The system is unprepared for the demographic future of the country, there are 4.5 million disabled people (including over 2 million in particularly serious conditions), 30% of whom live alone, with this figure reaching over 42% in the case of disabled people over 75. There are only 250,000 beds in residential and semi-residential facilities for elderly people who are not independent – only ⅓ compared to France and ¼ that of Germany – a situation that is likely to worsen over the next few years at an estimated rate of 8,000 beds every year. Social and healthcare services are facing the same shocking issues – they treat only 760 thousand of the possible 2.7 million elderly people who are entitled to and need them. The issue runs deep – continues Milanese – then there is the geographical divide of the country: 69% of health and social care residences are in the north, and only 7% in the south, where families themselves provide many welfare services, but this is not enough to meet the demand.

It is not a question of spending, but of reorganising services in a changing country with an ageing population.
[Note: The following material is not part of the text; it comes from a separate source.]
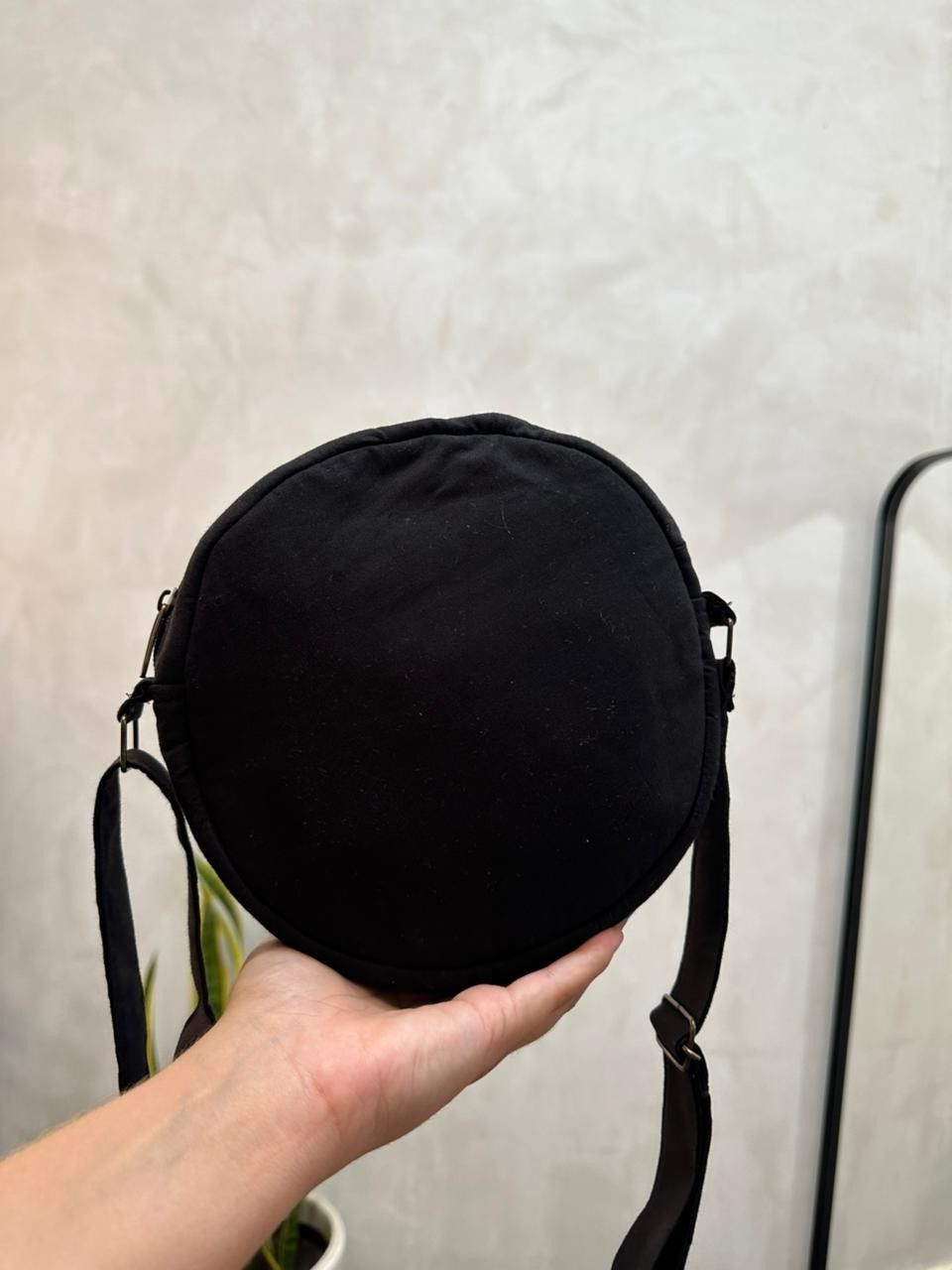 Bolsa Redondinha Verde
The health costs paid by private individuals has reached 40 billion euros in the last year (+10.3% between 2012 and 2017). The public sector, on the other hand, accounts for 75% of current healthcare expenditure and during the same period recorded an average annual growth of 0.5% compared to that of households, which has increased on average by 2% annually. This situation impacts heavily on low-income households: seven out of ten state that health expenditure has a heavy impact on the family budget, while 47% say they cut down on other expenses to pay for healthcare (ISTAT). The problem is not spending in itself. We do not demand to increase it but to optimise it, considering that out of 26 billion of spending on long-term care (LTC), only 588 million goes into services and the rest into monetary transfers.
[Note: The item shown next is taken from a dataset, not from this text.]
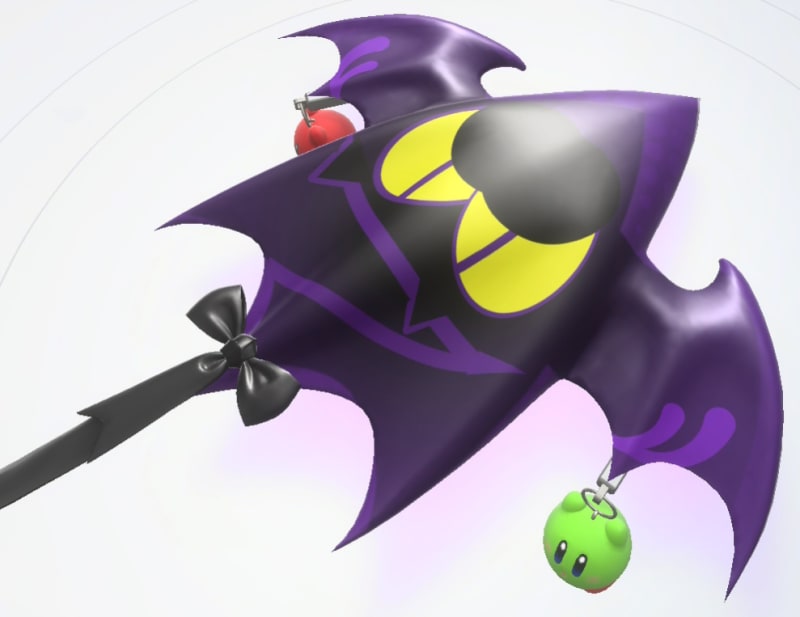 Dark Popoi Shadow Star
Secondly, we ask for services to be reorganised effectively, to respond to the needs of a country that is continuously changing and with an increasingly older population. «In this framework, we believe that cooperation in healthcare provision is the way forward in order to give the system the overhaul it needs. A middle ground, between the state and the market, which takes the form of a multi-professional and integrated network of cooperatives of doctors, health workers, pharmacists and mutual health organisations, which aim to support the Italian health service as a subsidiary, not just as service providers, but co-responsible for delivering services to citizens. A valuable tool,» Milanese concluded, «to reduce inequality and counteract the creeping privatisation of the Italian national health service.»